» WHAT THE TASK ASKS
In the records below, find the line containing "Klassisk Slip-On Checkerboard Sko"; copy exactly that line and all lines after it to the end, and nothing else.

» Stored records
********
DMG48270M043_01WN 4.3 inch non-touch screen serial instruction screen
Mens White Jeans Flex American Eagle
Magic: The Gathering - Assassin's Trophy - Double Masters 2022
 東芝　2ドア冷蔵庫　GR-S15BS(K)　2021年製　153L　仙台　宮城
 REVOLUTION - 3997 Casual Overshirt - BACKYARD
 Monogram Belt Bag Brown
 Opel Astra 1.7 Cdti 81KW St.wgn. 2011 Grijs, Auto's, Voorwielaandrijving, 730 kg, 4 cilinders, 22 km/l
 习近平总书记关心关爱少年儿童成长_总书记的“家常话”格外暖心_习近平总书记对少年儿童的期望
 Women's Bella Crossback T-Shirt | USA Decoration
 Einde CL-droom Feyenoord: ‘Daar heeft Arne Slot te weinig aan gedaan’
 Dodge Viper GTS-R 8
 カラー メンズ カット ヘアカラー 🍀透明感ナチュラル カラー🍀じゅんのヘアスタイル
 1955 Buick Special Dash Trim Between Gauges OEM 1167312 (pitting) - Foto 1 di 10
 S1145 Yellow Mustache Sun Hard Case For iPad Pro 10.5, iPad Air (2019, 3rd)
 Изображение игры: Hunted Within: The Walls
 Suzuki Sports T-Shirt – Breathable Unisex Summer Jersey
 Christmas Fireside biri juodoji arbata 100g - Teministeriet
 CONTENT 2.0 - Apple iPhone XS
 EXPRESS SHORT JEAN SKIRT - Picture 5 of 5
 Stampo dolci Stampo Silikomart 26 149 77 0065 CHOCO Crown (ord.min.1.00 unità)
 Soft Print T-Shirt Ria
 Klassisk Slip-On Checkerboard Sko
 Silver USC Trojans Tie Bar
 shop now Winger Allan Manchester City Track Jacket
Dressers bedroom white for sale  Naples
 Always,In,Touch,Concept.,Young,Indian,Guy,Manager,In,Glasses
********
» RESPONSE TO THIS TASK
 Klassisk Slip-On Checkerboard Sko
 Silver USC Trojans Tie Bar
 shop now Winger Allan Manchester City Track Jacket
Dressers bedroom white for sale  Naples
 Always,In,Touch,Concept.,Young,Indian,Guy,Manager,In,Glasses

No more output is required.